Proof for: A fiunction f : R --> R is continous if and only if f^-1((a,b)) is a countable union of open intervals for every (a,b) subset of R

Question

I am reading this book Probability theory in Finance by Sean Dineen, In chapter they proof this proposition. I can;t understand this and also don't understand what he means by " a countable union of open intervals".

Answer 1

You may read the book "General Topology", written by John Kelley, to acquire some background knowledge about topology. The proposition you stated is correct and is based on the following well-known facts.

Fact 1: Let $X$ and $Y$ be topological spaces and let $f:X\rightarrow Y$ be a map.
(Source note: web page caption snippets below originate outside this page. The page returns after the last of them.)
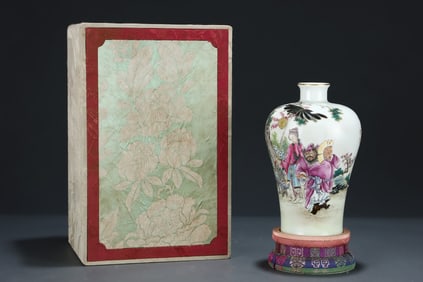 An Exquisite Enamel Painted Gold Character and Story Pattern Vase,With Poem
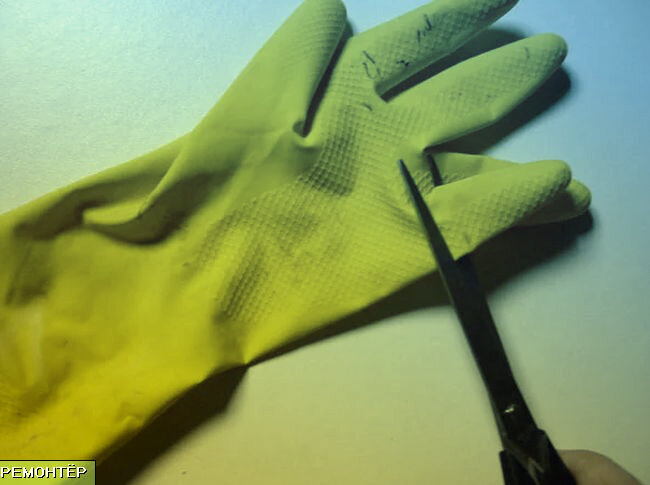 Эксперт рассказала, чем заменить резиновые перчатки для защиты от COVID-19 в жару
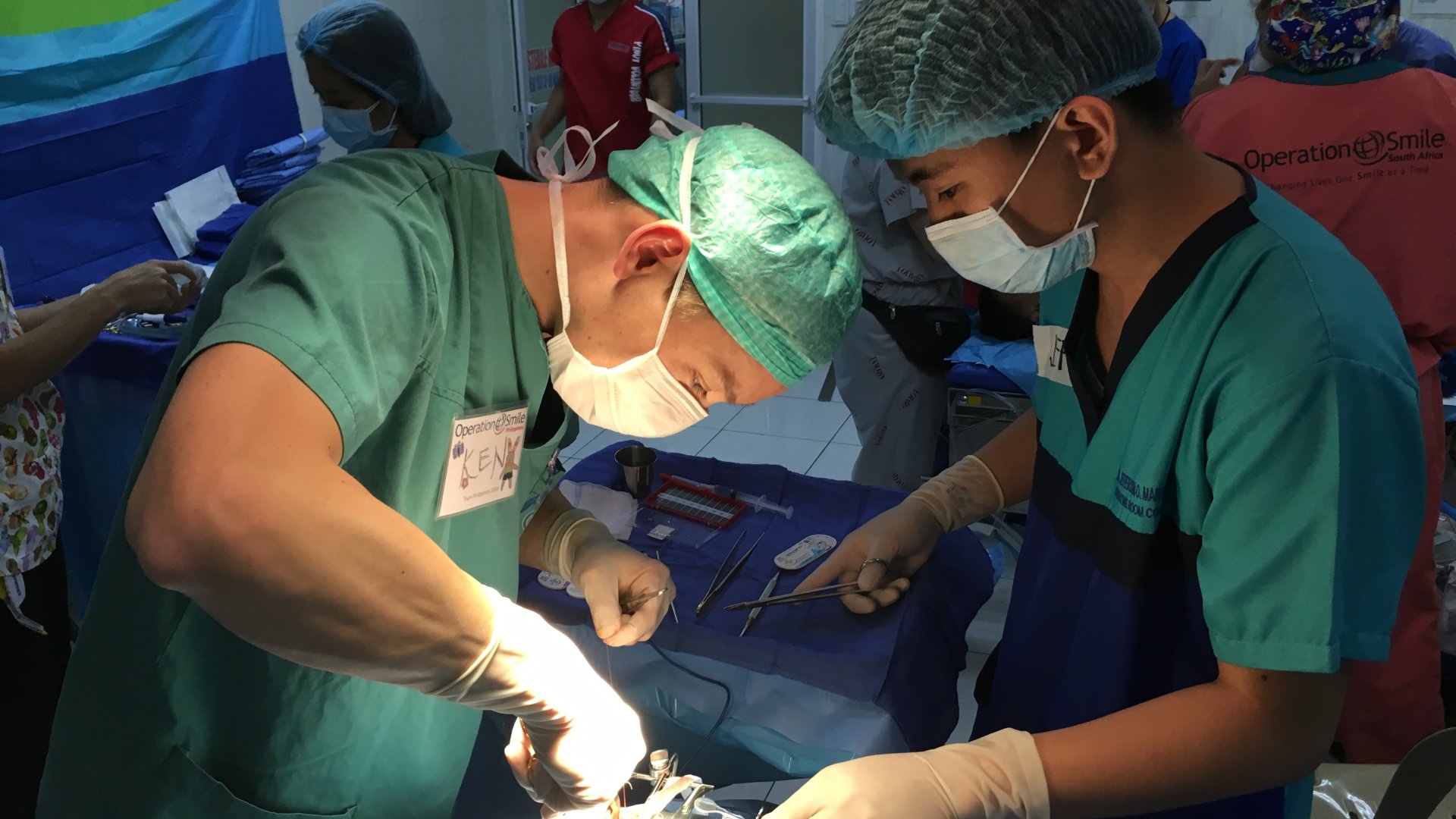 Plastikkirurg Dr. Kenneth Chiu opererer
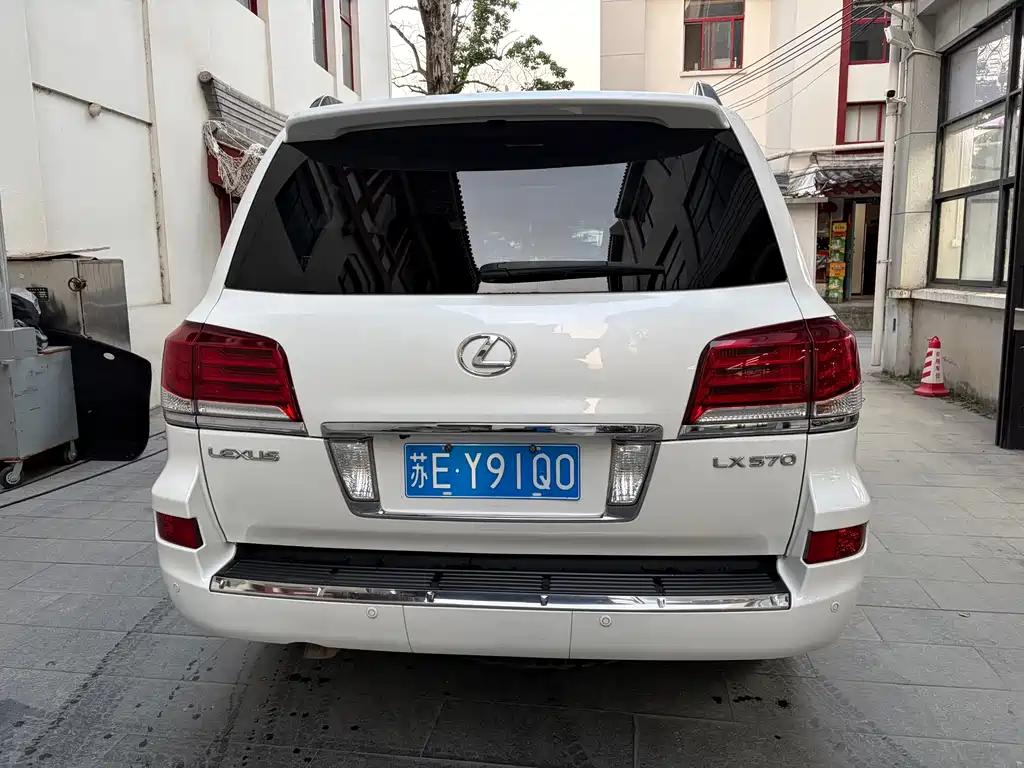 Lexus LX 2013 570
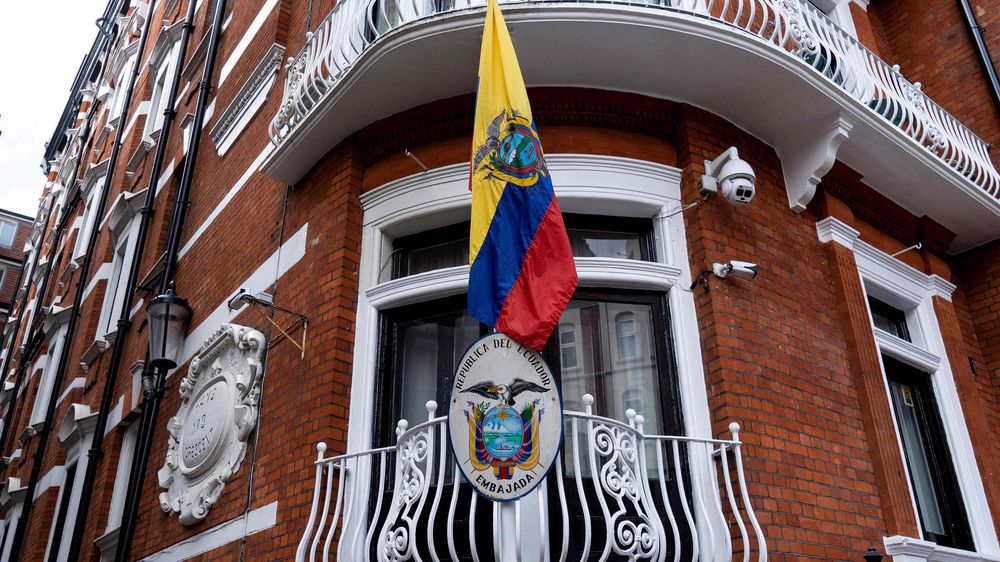 Ecuador skal ha opplevd et ras av kyberangrep etter at de tillot britisk politi å pågripe Julian Assange i Ecuadors ambassade i London.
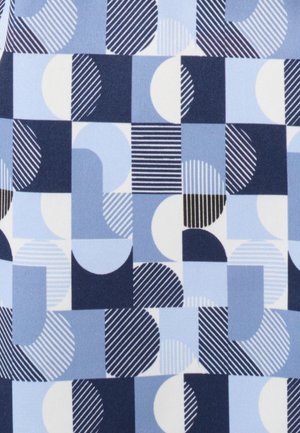 Geometrisch stoffenpatroon met afwisselende blauwe tinten, cirkels en vierkanten met gestreepte en effen secties, waardoor een dynamische visuele textuur ontstaat.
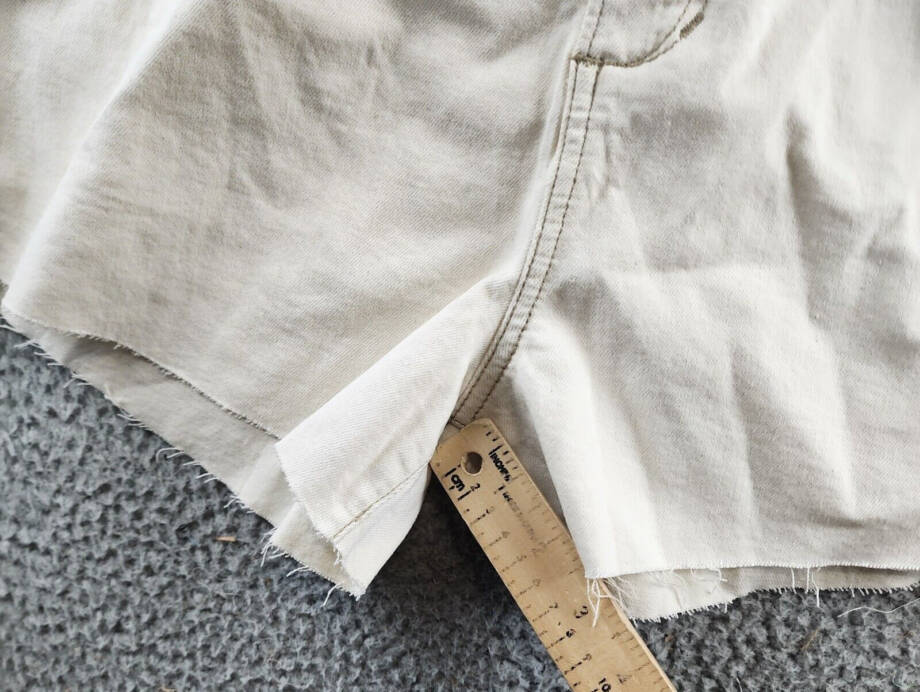 Joe's Jeans The Pleated High Rise Cut-Off Shorts Women's 30 Natural Pockets Zip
Let $\mathcal{SB}$ be a subbase for the topology on $Y$. Then $f$ is continuous iff $f^{-1}(A)$ is open for each $A\in\mathcal{SB}$.

(This is because the inverse image operator $A\mapsto f^{-1}(A)$ preserves all set-theoretic operations, including arbitrary union, aribrary intersection, taking complement)

Fact 2: $\{(a,b)\mid a<b\}$ is a base for the usual topology on $\mathbb{R}$.

Fact 3: Every open set on $\mathbb{R}$ can be written as disjoint union of at most countably many open intervals.